Author: dHarrison@worldnet.att.net (Doug Harrison)
Date: 1998/03/11
Raw View
On 10 Mar 98 05:04:18 GMT, David R Tribble
<david.tribble@central.beasys.com> wrote:

>I've suggested a couple of times in the past that plain 'char' should
>be unsigned in order to simplify (i.e., to correct) such things, but
>to no avail.

It's historical baggage that will likely never be dropped.

>the first example above is considered incorrect, and instead should
>be:
>    if (isprint((unsigned char) '\xFF')) ...
>
>This of course appears to contradict the existence of signed 'char',
>but some have argued that this is really not a contradiction.  Such
>arguments fail to convince me.  What a pain.

I agree. Subtle requirements such as the above truly set one up to
fail. std::locale at least addresses that specific problem.

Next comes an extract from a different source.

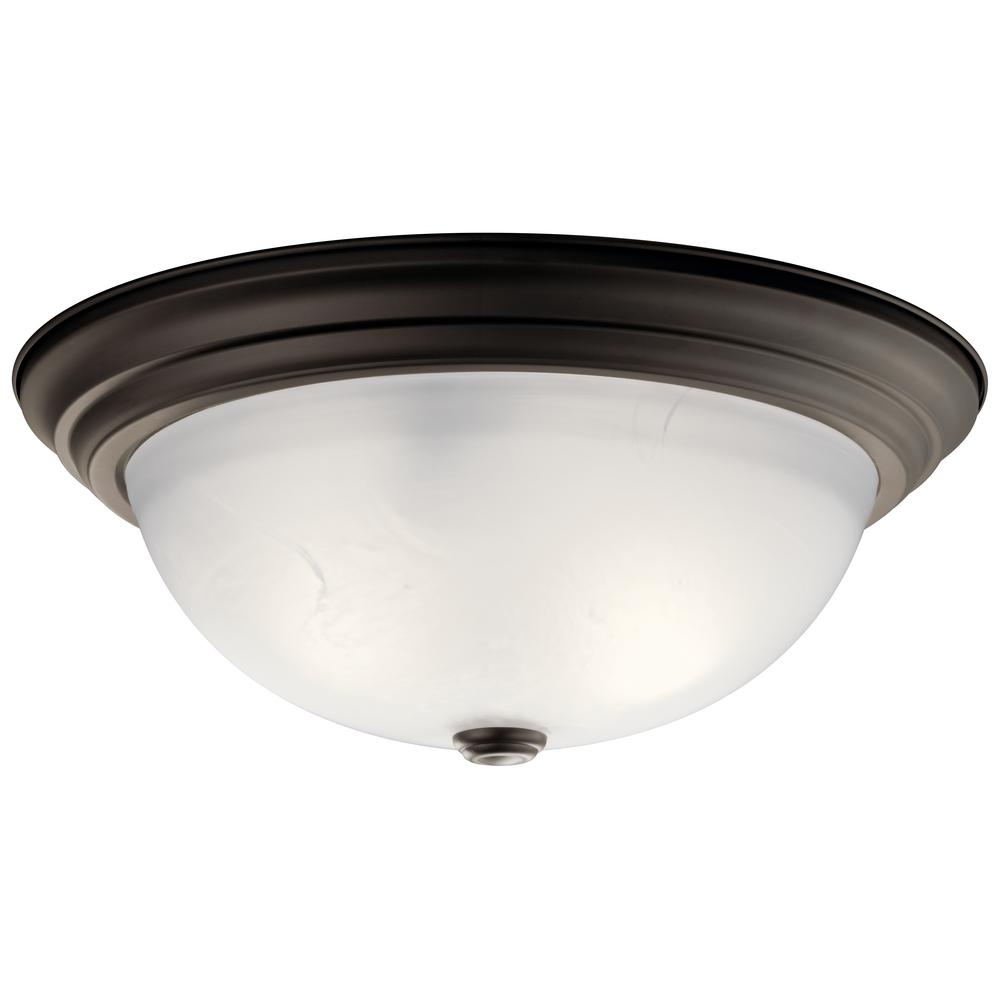 KICHLER Ceiling Space 15.25 in. 3Light Olde Bronze Flush Mount Ceiling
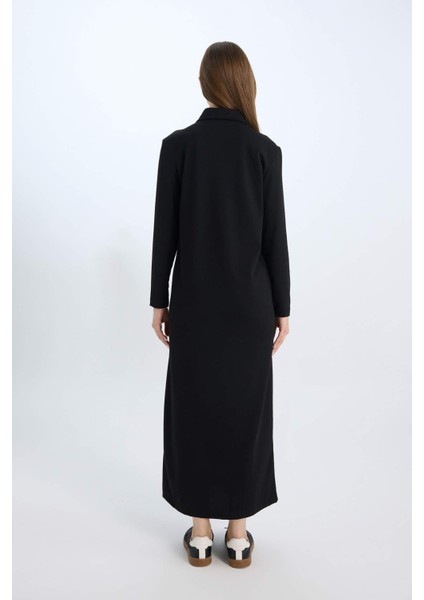 Regular Fit Gömlek Yaka Basic Düz Uzun Kollu Pike Maxi Elbise E1417AX24WN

Speaking of subtleties, the common implementation of
char_traits<char>::compare in terms of memcmp is wrong, if plain chars
are signed, because the former is defined in terms of
char_traits<char>::lt and eq, which are defined as the built-in < and
== operators. memcmp, however, is defined to compare unsigned chars! I
think char_traits<char>::lt and eq should be defined to compare
unsigned chars as well, and then memcmp would be acceptable, as I
believe is the intent. After all, what is a std::string, a sequence of
small integers, or a sequence of characters? Unless "negative
characters" make sense in some context unknown to me, comparing
unsigned chars seems the right approach.

--
Doug Harrison
dHarrison@worldnet.att.net
---
[ comp.std.c++ is moderated.  To submit articles, try just posting with ]
[ your news-reader.  If that fails, use mailto:std-c++@ncar.ucar.edu    ]
[              --- Please see the FAQ before posting. ---               ]
[ FAQ: http://reality.sgi.com/austern_mti/std-c++/faq.html              ]





Author: ncm@nospam.cantrip.org (Nathan Myers)
Date: 1998/03/11
Raw View
Doug Harrison<dHarrison@worldnet.att.net> wrote:
>
>Speaking of subtleties, the common implementation of
>char_traits<char>::compare in terms of memcmp is wrong, if plain chars
>are signed, because the former is defined in terms of
>char_traits<char>::lt and eq, which are defined as the built-in < and
>== operators. memcmp, however, is defined to compare unsigned chars! I
>think char_traits<char>::lt and eq should be defined to compare
>unsigned chars as well, and then memcmp would be acceptable, as I
>believe is the intent. After all, what is a std::string, a sequence of
>small integers, or a sequence of characters? Unless "negative
>characters" make sense in some context unknown to me, comparing
>unsigned chars seems the right approach.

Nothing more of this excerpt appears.